Für die Idee haben sich ein paar Firmen begeistert, Autobauer und Schulranzenproduzenten, und auch zwei Städte – Ludwigsburg und Wolfsburg – wollten dafür sorgen, dass möglichst viele Leute diese App einsetzen, weil jeder einzelne Unfall schrecklich ist und jeder Unfall weniger eine gute Sache. So gut, dass man sich schon fragen könnte, wer dagegen überhaupt etwas haben kann. Tatsächlich haben sogar eine Menge Leute etwas dagegen, aus den verschiedensten Gründen. Natürlich will auch von denen jeder, dass es weniger Unfälle gibt. Aber die einen sagen, wenn die Autofahrer anfangen, sich auf Signale zu verlassen, statt einfach vorsichtig zu fahren, dann passen sie vielleicht weniger auf, und es wird gefährlicher. Andere sagen: Eine App, die Leuten sagt, wo Kinder sind, könnte ganz einfach von einem bösen Menschen missbraucht werden, der vielleicht gerade ein Kind entführen will. Diese Sorge nehmen die Entwickler der App so ernst, dass sie extra eingebaut haben, dass die App bei langsam fahrenden Autos nicht mehr funktioniert: Sollte einer durch die Gegend kurven und nach einem Kind zum Entführen Ausschau halten, dann kann ihm die App dabei gar nicht helfen. Außerdem wird gar nicht genau gezeigt, wo ein Kind ist, sondern nur der Bereich.

Viele Interessenten, viele Interessen

Dann gibt es Leute, die befürchten, dass die Daten in die falschen Hände kommen. Die App auf dem Smartphone des Kindes oder das kleine Gerät im Schulranzen sendet nämlich die ganze Zeit Daten, die genau festhalten, an welchem Ort zu welcher Zeit genau dieses Smartphone oder dieses Gerät ist und war – und mit ihnen wahrscheinlich auch das Kind, für das sie gedacht sind.

Klar, dass nicht einfach jeder wissen soll, wo jemand zu welcher Uhrzeit war, auch wenn das für viele Leute ziemlich interessant sein könnte: Die Leute von der Schule könnten so nicht nur erkennen, wenn ein Kind zu spät zum Unterricht kommt, selbst wenn der Lehrer noch eine Minute später den Klassenraum betritt, sondern auch, ob das zum Beispiel daran liegt, dass das Kind regelmäßig zu spät zu Hause losgeht. Oder immer auf dem Schulweg zwei Minuten vor dem Spielzeugladen an der Ecke stehenbleibt.

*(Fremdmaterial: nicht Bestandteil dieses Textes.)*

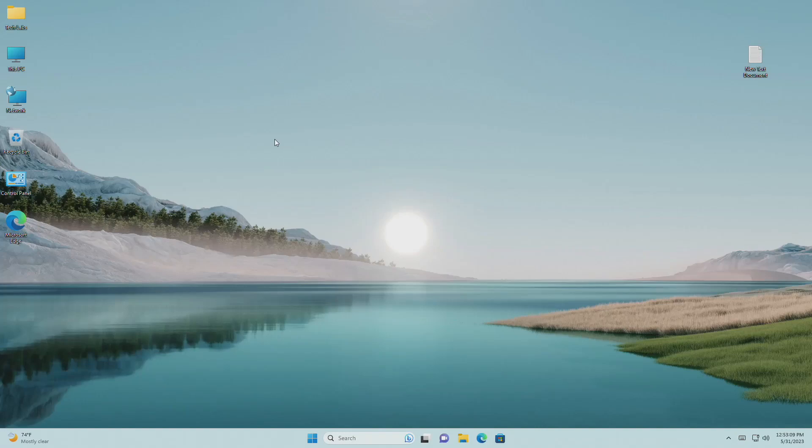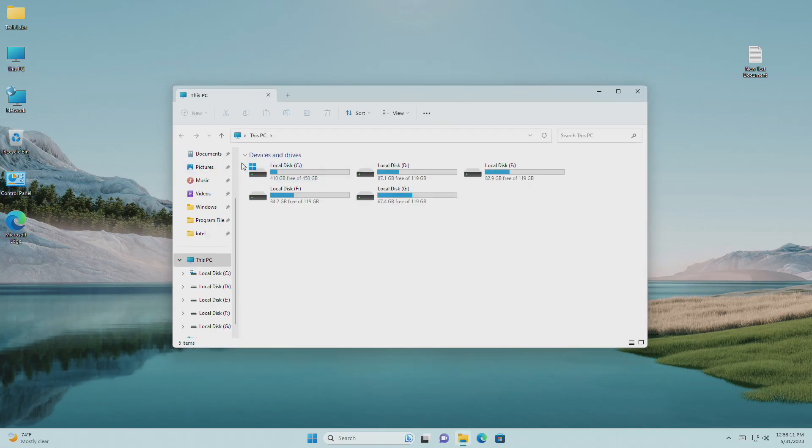Hey guys, welcome back to the channel. And today in this video, I'm gonna show how to clear and reset quick access folders in Windows 11.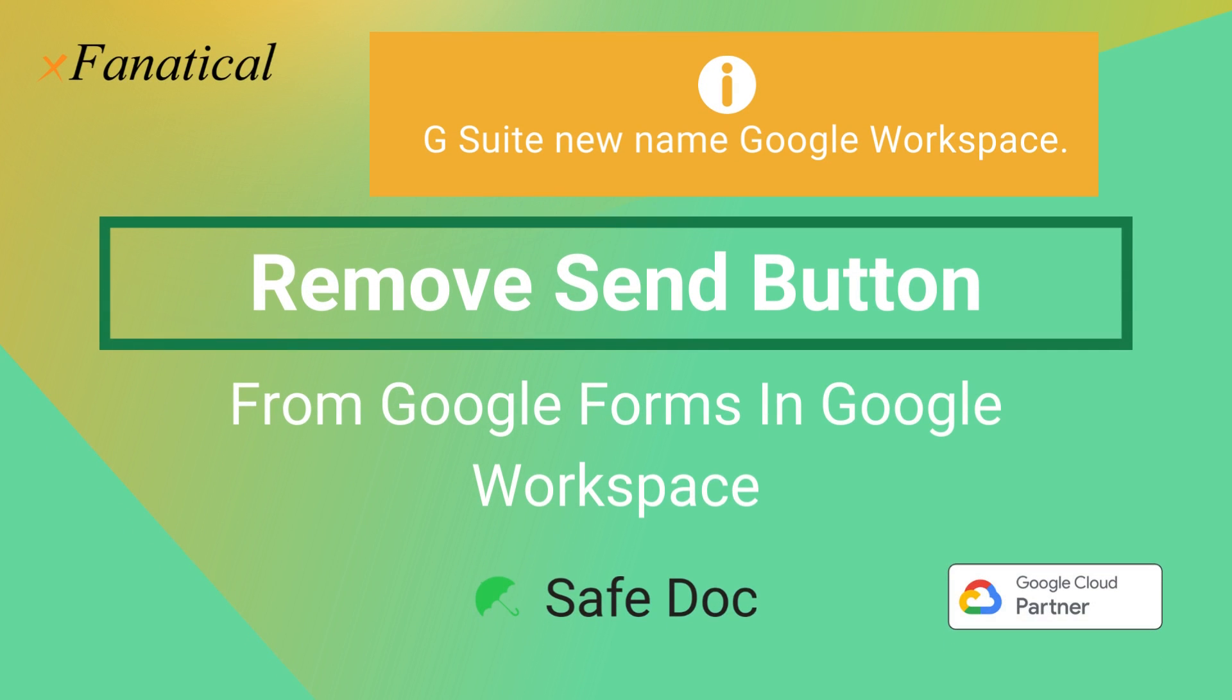Hey, Jason from XFanatical here. In this short video, I'm going to demonstrate how SafeDoc can remove the send button on Google Forms.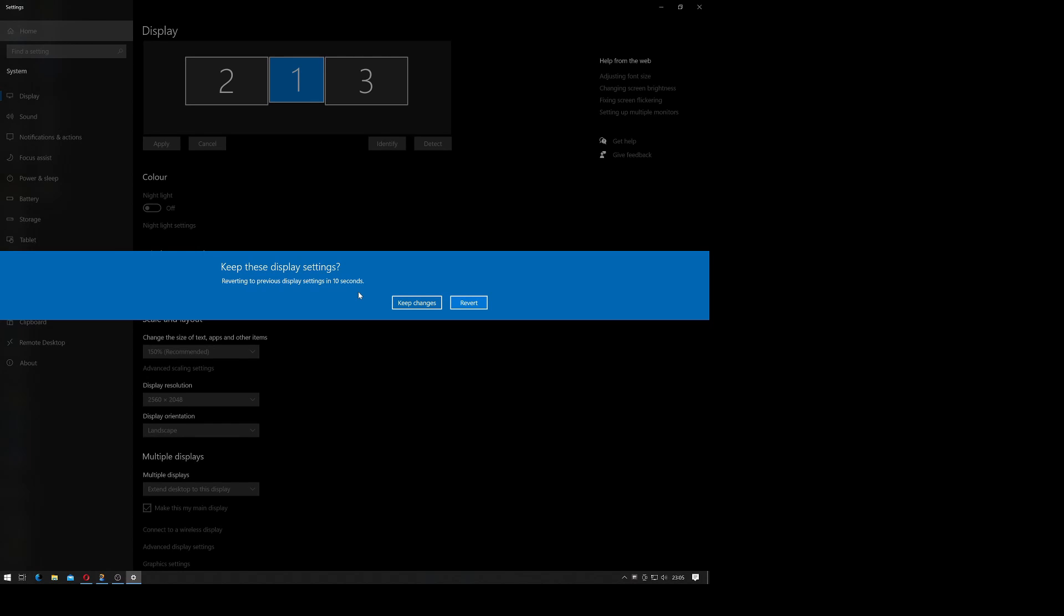And then it would give you, I think it's 15 seconds, in order to tell it whether or not you wish to keep the changes or to revert back. And if you don't actually answer on time, it will put it back.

Das könnte übrigens auch den Spielzeugladen interessieren, und der Besitzer könnte anfangen, auszuprobieren, was er ins Schaufenster stellen muss, damit aus den zwei Minuten drei Minuten werden, aus dem einen Kind fünf oder fünfzehn oder aus dem Stehenbleiben ein Reingehen. Er könnte der Familie Werbung nach Hause schicken, damit das Kind sich dort an die tollen Sachen erinnert und die Eltern bearbeitet, sie ihm zu kaufen. Oder er könnte die Werbung auch gleich dem Kind aufs Smartphone schicken: Weißt Du eigentlich, wie unglaublich günstig diese tollen Sachen gerade sind?